The Prospero Challenge

Matt Keeter, March 2025

prospero.vm is a plain-text file containing 7866 math expressions.

It begins as follows:

# Text of a monologue from The Tempest
_0 const 2.95
_1 var-x
_2 const 8.13008
_3 mul _1 _2
_4 add _0 _3

...and continues in that vein for many, many lines.

If you evaluate the expression with (x,y) values in the ±1 square, then color pixels black or white based on their sign, you get the following image:

text of a monologue from The Tempest, in black-on-white text

The "challenge" is simple: render the image as quickly as possible.

A basic renderer is 28 lines of Python, using Numpy for pixel parallelism:

import numpy as np

with open('prospero.vm') as f:
    text = f.read().strip()

image_size = 1024
space = np.linspace(-1, 1, image_size)
(x, y) = np.meshgrid(space, -space)
v = {}

for line in text.split('\n'):
    if line.startswith('#'):
        continue
    [out, op, *args] = line.split()
    match op:
        case "var-x": v[out] = x
        case "var-y": v[out] = y
        case "const": v[out] = float(args[0])
        case "add": v[out] = v[args[0]] + v[args[1]]
        case "sub": v[out] = v[args[0]] - v[args[1]]
        case "mul": v[out] = v[args[0]] * v[args[1]]
        case "max": v[out] = np.maximum(v[args[0]], v[args[1]])
        case "min": v[out] = np.minimum(v[args[0]], v[args[1]])
        case "neg": v[out] = -v[args[0]]
        case "square": v[out] = v[args[0]] * v[args[0]]
        case "sqrt": v[out] = np.sqrt(v[args[0]])
        case _: raise Exception(f"unknown opcode '{op}'")
out = v[out]

with open('out.ppm', 'wb') as f: # write the image out
    f.write(f'P5\n{image_size} {image_size}\n255\n'.encode())
    f.write(((out < 0) * 255).astype(np.uint8).tobytes())

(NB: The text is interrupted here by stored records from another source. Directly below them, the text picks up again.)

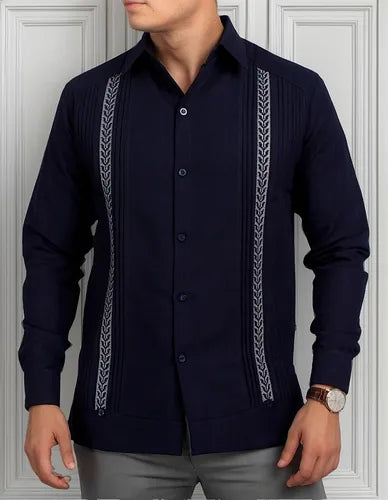 Guayabera Yucateca Bordada Colotmul Azul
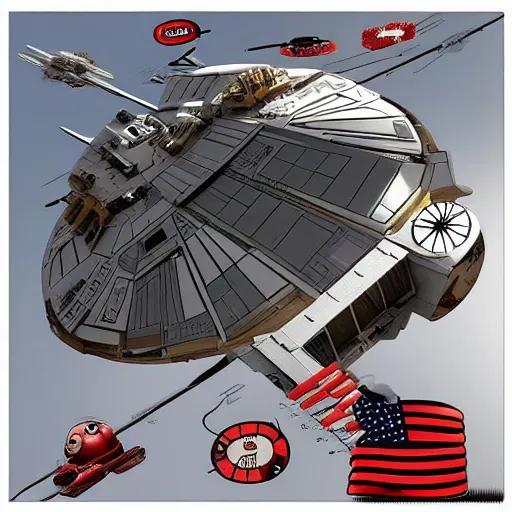 Prompt: a millennium falcon made of atom sized hot dog flying in a see of sad people dream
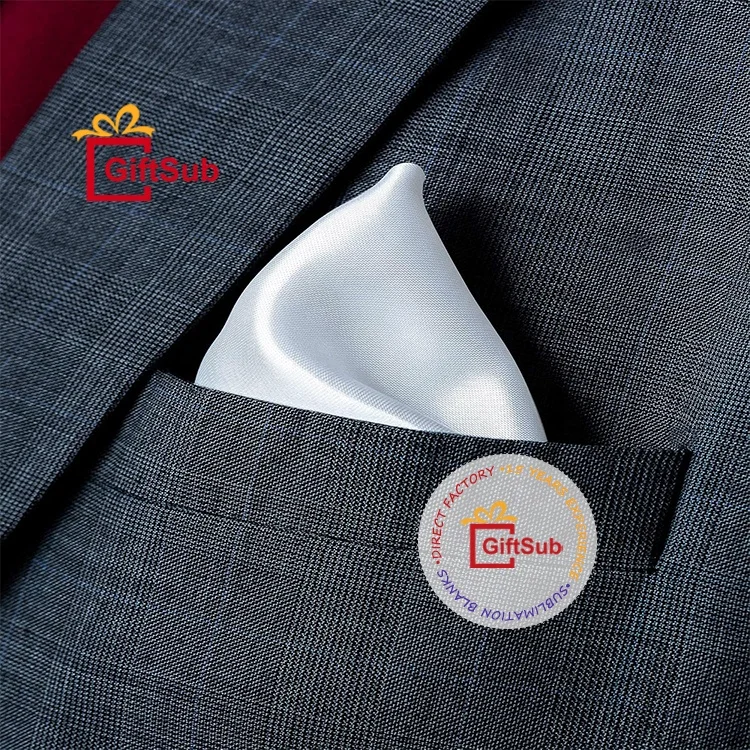 Personalized 10.5x10.5IN Sublimation White Handkerchief Soft Satin Polyester Blank Hanky Solid Pocket Square Handkerchiefs
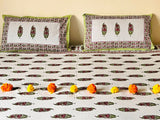 Alankar Mehendi Floral Cotton  Double Bedsheet (90 X108 Inch)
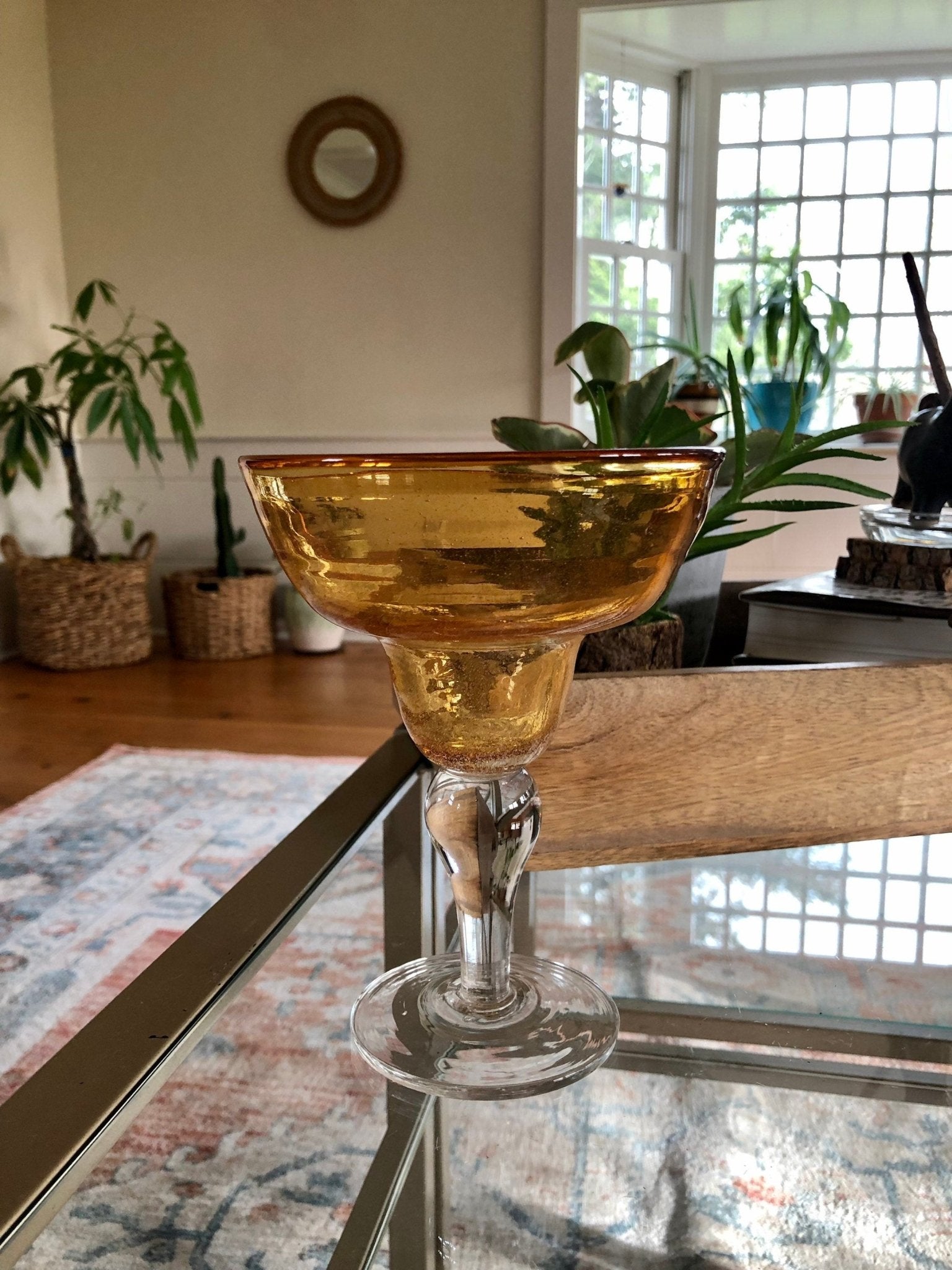 Vintage Mexican Hand Blown Yellow Margarita Glass, Hand Crafted Glass, Drink, Barware, Bubble Glass - Loom Vintage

On my machine, this takes about 15 seconds to produce a 1024×1024 image.

(Spoilers: it also allocates 60+ GB of RAM for intermediate results, so consider reducing the image size before running it on your own machine)

"But wait!", you say. "There's so much obvious room for improvement! You could pre-parse the expression, or use numba, or run it on the GPU, or use LLVM ..."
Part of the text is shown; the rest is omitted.